Can legitimately make every NFL throw, from a full complement of screens, slants, seam routes to all manner of vertical stuff to the sideline and over the middle downfield. Doesn't lose velocity when throwing across his body -- in fact, he tends to hum the ball too hard in some instances. Has a great deal of experience reading progressions in trips and bunch sets. Has a nascent ability to look off defenders that can be developed into a real asset. Throws with anticipation more than he's given credit for. Could really stand out in a heavy boot-action offense with complex backfield schematics.

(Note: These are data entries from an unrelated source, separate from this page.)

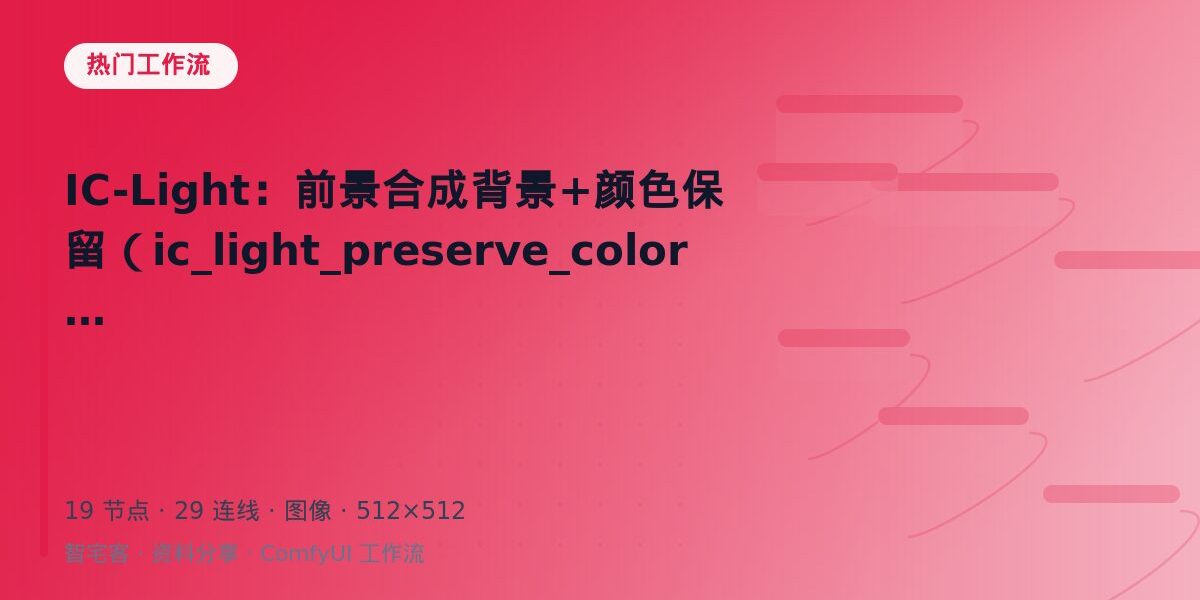 IC-Light:前景合成背景+颜色保留(ic_light_preserve_color) 封面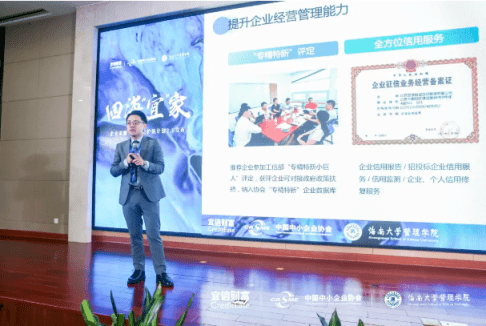 中小企业|靠谱理财公司宜信财富：不让财富付之东流，帮您实现风险规避和财富传承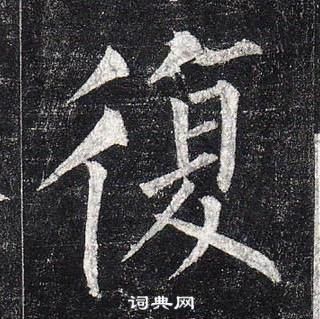 柳公权玄秘塔碑中復的写法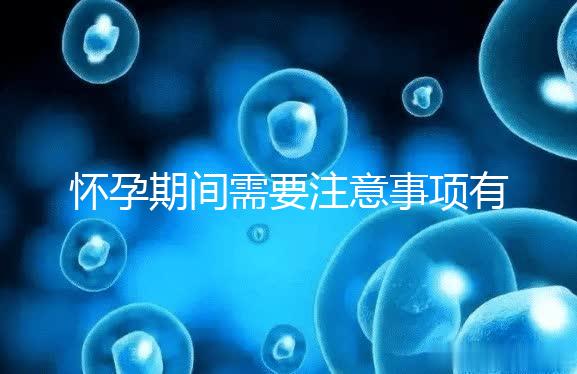 懷孕期間需要注意事項有哪些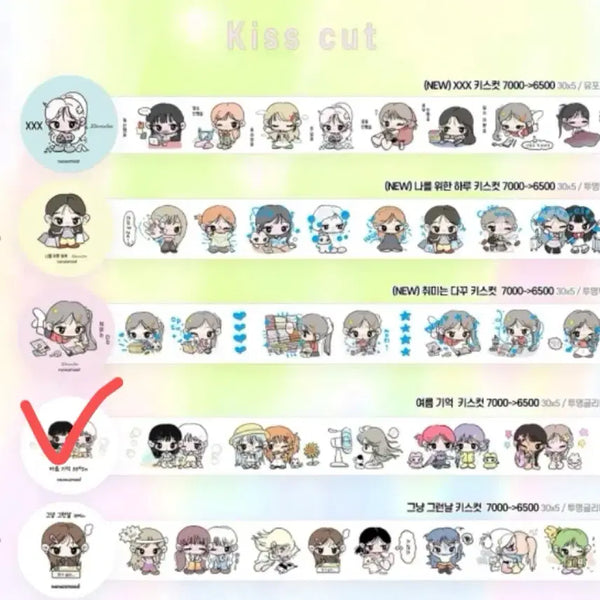 [BUNJANG] Nanasmood Summer Memory Kiss Cut Sticker / 나나스무드 - 여름 기억 키스컷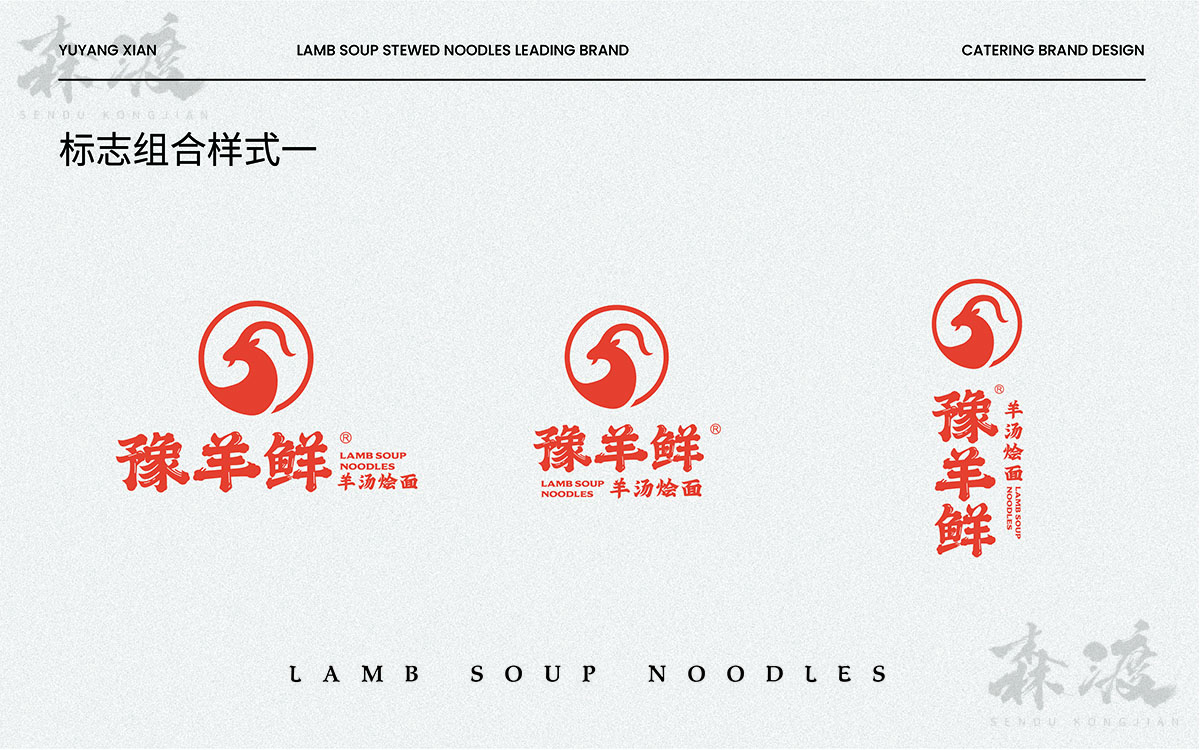 森渡空间设计-餐饮VI设计-品牌LOGO设计豫羊鲜.jpg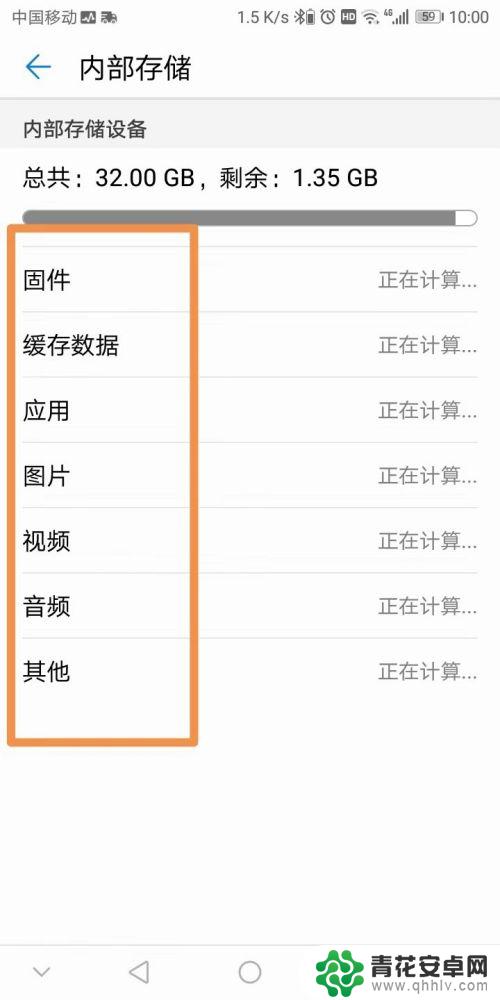 手机怎么注册空间管理 如何管理安卓手机存储空间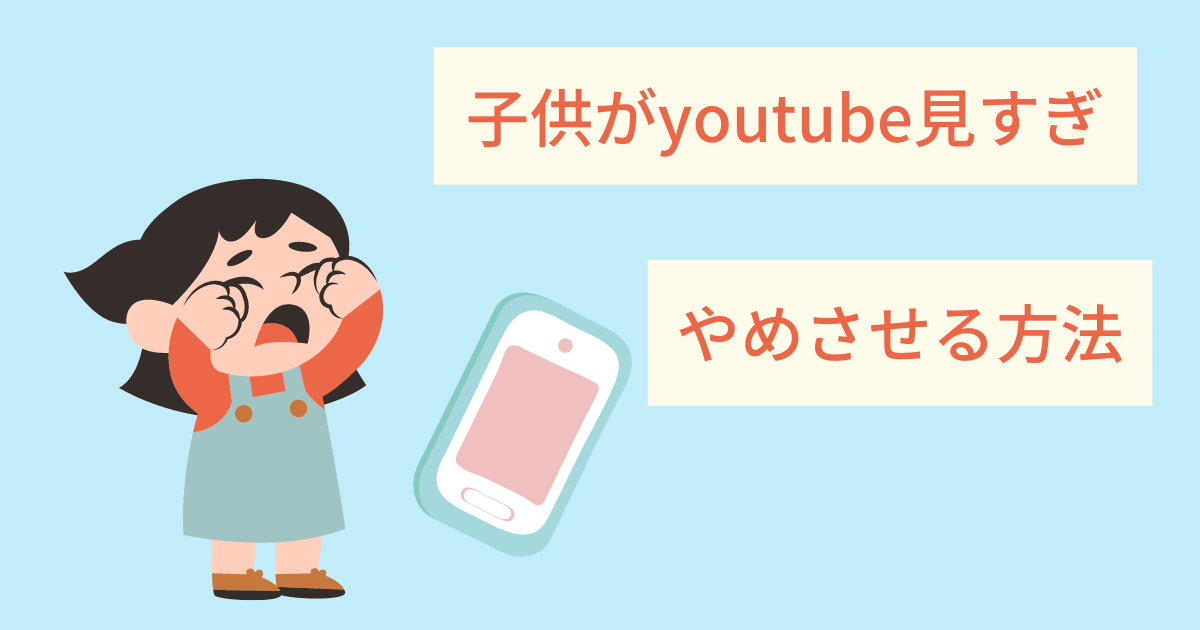 子供のyoutube見すぎをやめさせる方法 ２歳で動画の見すぎが心配 季節と暮らす生活ノート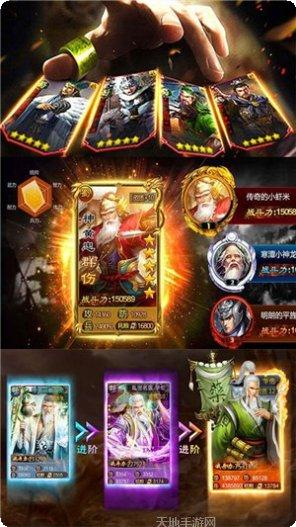 斩千军乱世纷争攻略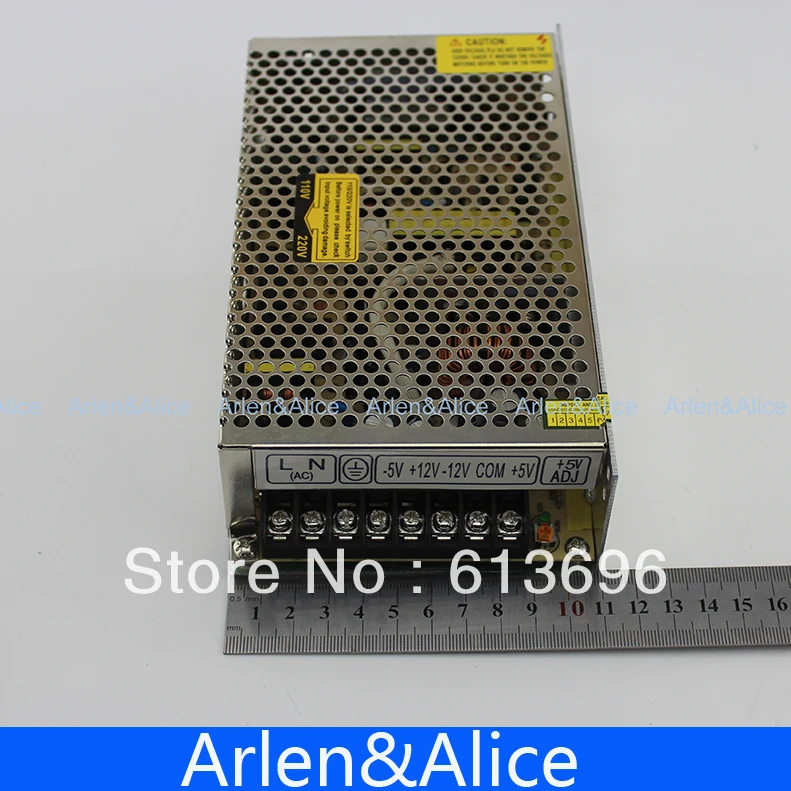 120W B Quad output 5V 12V -5 -12v Switching power supply AC to DC | Обустройство дома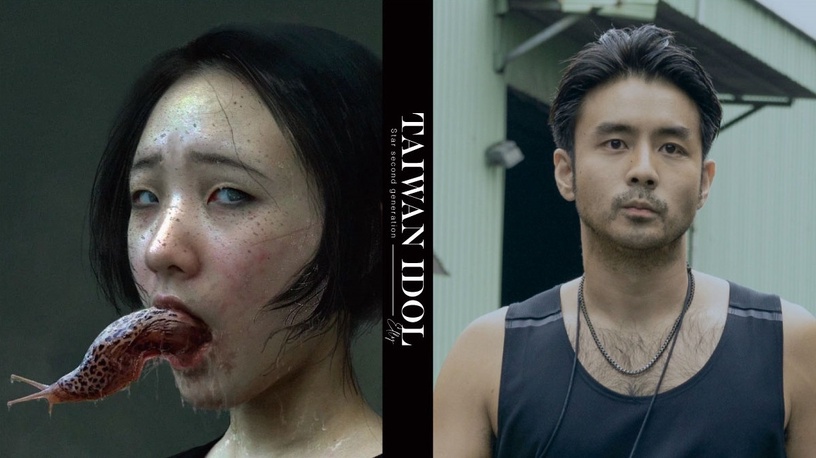 6位「星二代」現況!小S女兒許曦文「蛞蝓照」好嚇人,〈唸你〉劉子千演了《罪夢者》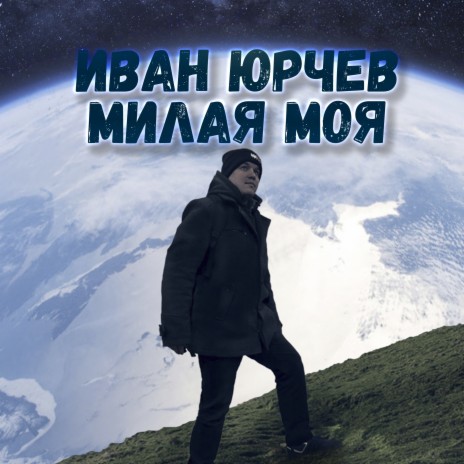 Милая моя cover art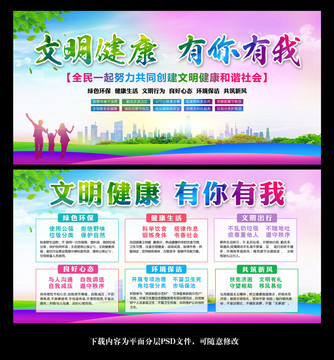 文明健康有你有我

Cons: Smith benefited from a few things he may not have at the NFL level -- defenses playing on their heels to deal with a high-flying passing attack, Tavon Austin's playmaking threat (or a rough equivalent), and a host of quick screens, back passes, and end-around action. Needs to clean up his mechanics at the point of the throw -- tends to push and duck at times, which leads to some erratic results. Tends to lose touch and accuracy on intermediate throws -- must develop a better gauge on distance and speed to avoid over-finessing. Believes a bit too much in his ability to make throws in tight windows -- though he'll zing throws impressively at times, he'll also lapse and produce head-scratching incompletions and interceptions. Needs to keep his emotions under control at times -- this was an issue when he was asked to come from behind late in the 2012 season. Ball security is an issue. Needs to read blitzes better. Could stand to clean up his throwing motion -- will lag before the throw at times and reverts away from his ideal setup.
Conclusion: Smith is not a fully developed quarterback yet, but he presents the most intriguing skill set of any signal-caller in this (admittedly mediocre) draft class at his position. Just as the first half of his 2012 season overinflated expectations to an impossible degree, I believe that he's being castigated too much for the Mountaineers' late-season collapse. Like Schaub, a big, mobile quarterback who has excelled with his mobility in a multiple run-based system, Smith has what it takes to make it in the NFL sooner than later.